Entity resolution has received considerable attention in recent years. Given many references to underlying entities, the goal is to predict which references correspond to the same entity. We show how to extend the Latent Dirichlet Allocation model for this task and propose a probabilistic model for collective entity resolution for relational domains where references are connected to each other. Our approach differs from other recently proposed entity resolution approaches in that it is a) generative, b) does not make pair-wise decisions and c) captures relations between entities through a hidden group variable. We propose a novel sampling algorithm for collective entity resolution which is unsupervised and also takes entity relations into account. Additionally, we do not assume the domain of entities to be known and show how to infer the number of entities from the data. We demonstrate the utility and practicality of our relational entity resolution approach for author resolution in two real-world bibliographic datasets. In addition, we present preliminary results on characterizing conditions under which relational information is useful.



Jerry Scripps (Michigan State University)
Pang-Ning Tan (Michigan State University)
Clustering in the Presence of Bridge-Nodes

Friday 2:20-2:40, Fountain III

Abstract:

In this paper, we study the ill-effects of bridge-nodes, which causes many dissimilar objects to be placed together in the same cluster by existing clustering algorithms. We offer two new metrics for measuring how well a clustering algorithm handles the presence of bridge-nodes. We also illustrate how algorithms that produce overlapping clusters help to alleviate the effect of bridge-nodes and form more meaningful clusters.
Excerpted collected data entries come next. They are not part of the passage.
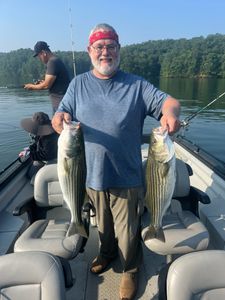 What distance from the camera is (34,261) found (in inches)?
90.4

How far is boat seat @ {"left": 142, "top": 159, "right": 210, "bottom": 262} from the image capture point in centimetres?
319

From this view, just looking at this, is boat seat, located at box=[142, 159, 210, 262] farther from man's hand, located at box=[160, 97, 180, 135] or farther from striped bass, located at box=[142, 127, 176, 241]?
man's hand, located at box=[160, 97, 180, 135]

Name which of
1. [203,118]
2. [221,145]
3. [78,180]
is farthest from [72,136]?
[203,118]

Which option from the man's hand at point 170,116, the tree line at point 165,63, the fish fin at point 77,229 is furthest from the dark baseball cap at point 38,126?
the tree line at point 165,63

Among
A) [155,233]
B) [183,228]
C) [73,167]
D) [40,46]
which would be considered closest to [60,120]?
[73,167]

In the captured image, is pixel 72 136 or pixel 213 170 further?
pixel 213 170

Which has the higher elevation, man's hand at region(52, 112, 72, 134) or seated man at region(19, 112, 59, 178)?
man's hand at region(52, 112, 72, 134)

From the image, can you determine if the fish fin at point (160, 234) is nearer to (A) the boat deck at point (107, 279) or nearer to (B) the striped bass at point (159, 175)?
(B) the striped bass at point (159, 175)

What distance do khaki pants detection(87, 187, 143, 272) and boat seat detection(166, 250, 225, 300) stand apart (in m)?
0.94

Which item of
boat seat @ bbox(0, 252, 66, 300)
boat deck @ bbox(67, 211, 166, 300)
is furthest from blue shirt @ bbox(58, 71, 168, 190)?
boat deck @ bbox(67, 211, 166, 300)

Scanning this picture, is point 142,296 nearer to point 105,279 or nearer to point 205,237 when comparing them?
point 105,279

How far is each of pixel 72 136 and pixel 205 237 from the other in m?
1.71

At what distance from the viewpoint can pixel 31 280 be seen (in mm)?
2271

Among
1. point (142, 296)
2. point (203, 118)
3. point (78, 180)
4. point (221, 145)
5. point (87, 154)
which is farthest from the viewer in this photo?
point (203, 118)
However, if there is too much overlap, the clusters become less informative. To address this problem, we present a novel clustering algorithm called MIN-CUT. Our experimental results with real data sets show that the MIN-CUT algorithm leads to purer clusters that have very little overlap.
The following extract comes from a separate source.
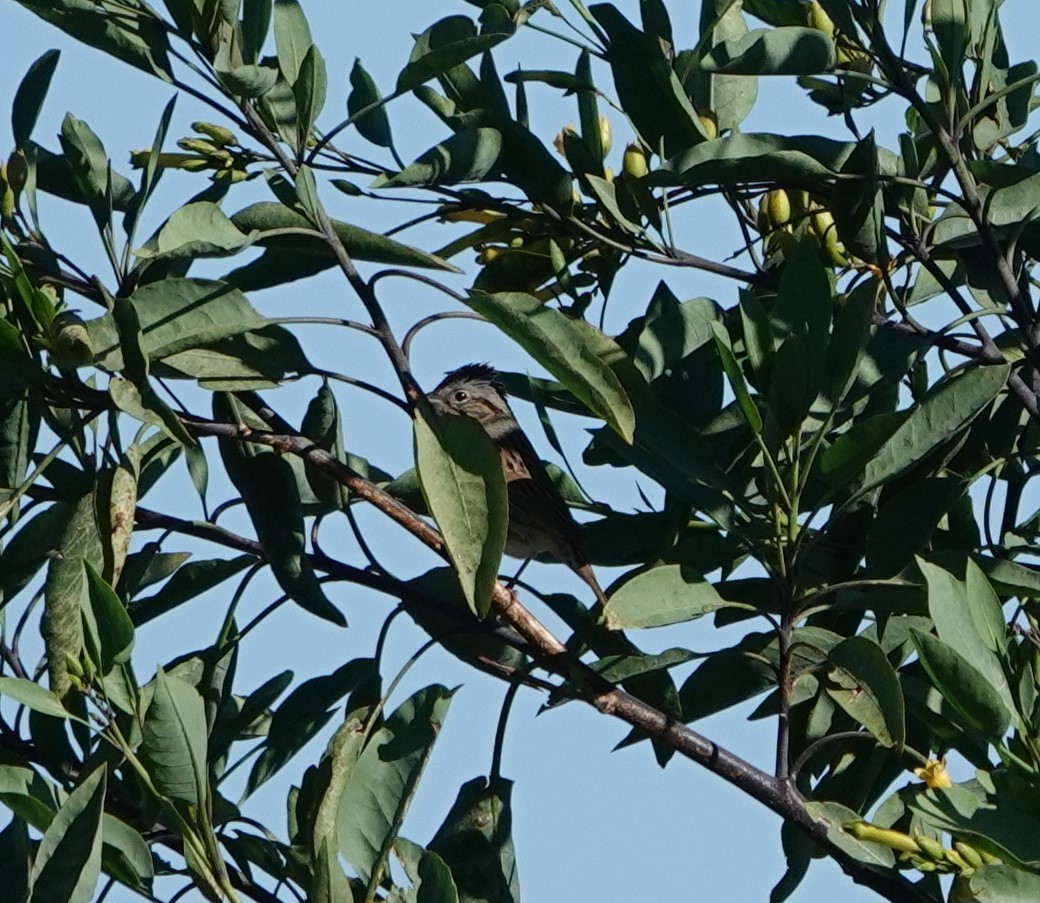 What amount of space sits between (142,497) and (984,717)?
143 cm

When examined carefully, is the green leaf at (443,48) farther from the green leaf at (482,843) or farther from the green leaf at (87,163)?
the green leaf at (482,843)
Hongyan Liu (University of Illinois, Urbana-Champaign)
Jiawei Han (University of Illinois, Urbana-Champaign)
Dong Xin (University of Illinois, Urbana-Champaign)
Zheng Shao (University of Illinois, Urbana-Champaign)
Mining Interesting Patterns from Very High Dimensional Data: A Top-Down Row Enumeration Approach

Friday 2:40-3:00, Fountain III

Abstract:

Data sets of very high dimensionality, such as microarray data, pose great challenges on efficient processing to most existing data mining algorithms. Recently, there comes a row-enumeration method that performs a bottom-up search of row combination space to find corresponding frequent patterns. Due to limited number of rows in micro-array data, this method is more efficient than column enumeration-based algorithms. However, the bottom-up search strategy cannot take advantage of user-specified minimum support threshold to efficiently prune search space, and therefore leads to long runtime and much memory overhead.
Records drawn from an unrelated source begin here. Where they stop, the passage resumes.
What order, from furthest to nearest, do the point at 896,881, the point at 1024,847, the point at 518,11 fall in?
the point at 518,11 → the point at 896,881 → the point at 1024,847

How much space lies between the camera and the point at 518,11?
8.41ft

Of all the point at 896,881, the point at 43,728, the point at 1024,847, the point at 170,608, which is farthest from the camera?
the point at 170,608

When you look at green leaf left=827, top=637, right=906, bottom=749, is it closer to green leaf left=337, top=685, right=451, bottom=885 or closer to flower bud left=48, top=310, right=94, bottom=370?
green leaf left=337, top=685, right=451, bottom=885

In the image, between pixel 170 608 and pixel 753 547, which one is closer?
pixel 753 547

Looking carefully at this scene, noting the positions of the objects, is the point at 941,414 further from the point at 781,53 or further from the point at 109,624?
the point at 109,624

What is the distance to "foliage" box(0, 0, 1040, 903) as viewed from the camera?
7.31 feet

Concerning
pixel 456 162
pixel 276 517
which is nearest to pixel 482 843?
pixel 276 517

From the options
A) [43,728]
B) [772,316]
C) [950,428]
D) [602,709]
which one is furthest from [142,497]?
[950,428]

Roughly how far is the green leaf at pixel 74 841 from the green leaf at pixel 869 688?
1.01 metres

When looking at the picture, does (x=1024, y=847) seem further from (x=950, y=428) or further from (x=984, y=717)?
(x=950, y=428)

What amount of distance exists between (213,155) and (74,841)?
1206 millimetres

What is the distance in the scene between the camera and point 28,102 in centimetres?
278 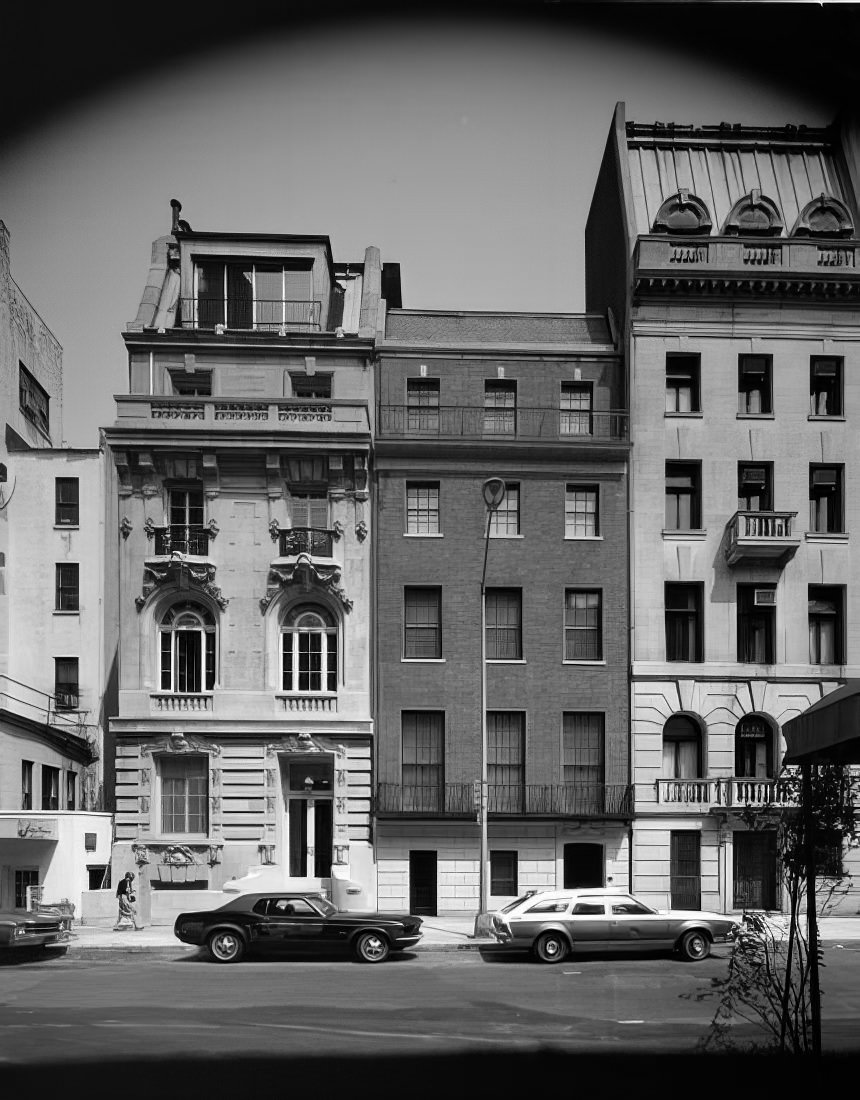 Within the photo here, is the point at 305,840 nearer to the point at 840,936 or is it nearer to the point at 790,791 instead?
the point at 840,936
In this paper, we propose a new search strategy, top-down mining, integrated with a novel row enumeration tree, which makes full use of the pruning power of the minimum support threshold to cut down search space dramatically. Using this kind of searching strategy, we design an algorithm, TD-Close, to find a complete set of frequent closed patterns from very high-dimensional data. Furthermore, an effective closeness-checking method is also developed that avoids scanning the dataset multiple times. Our performance study shows that the TD-Close algorithm outperforms substantially both Carpenter, a bottom-up searching algorithm, and FPclose, a column enumeration-based frequent closed pattern mining algorithm.


Rong Ge (Simon Fraser University)
Martin Ester (Simon Fraser University)
Byron J. Gao (Simon Fraser University)
Zengjian Hu (Simon Fraser University)
Boaz Ben-Moshe (Simon Fraser University)
Joint Cluster Analysis of Attribute Data and Relationship Data: the Connected k-Center Problem

Friday 3:00-3:20, Fountain III

Abstract:

Attribute data and relationship data are two principle types of data, representing the intrinsic and extrinsic properties of entities. While attribute data has been the main source of data for cluster analysis, relationship data such as social networks or metabolic networks are becoming increasingly available. It is also common to observe both data types carry orthogonal information such as in market segmentation and community identification, which calls for a joint cluster analysis of both data types so as to achieve more accurate results. For this purpose, we introduce the novel Connected k-Center problem, taking into account attribute data as well as relationship data. We analyze the complexity of this problem and prove its NP-completeness. We also present a constant factor approximation algorithm, based on which we further design NetScan, a heuristic algorithm that is efficient for large, real databases. Our experimental evaluation demonstrates the meaningfulness and accuracy of the NetScan results.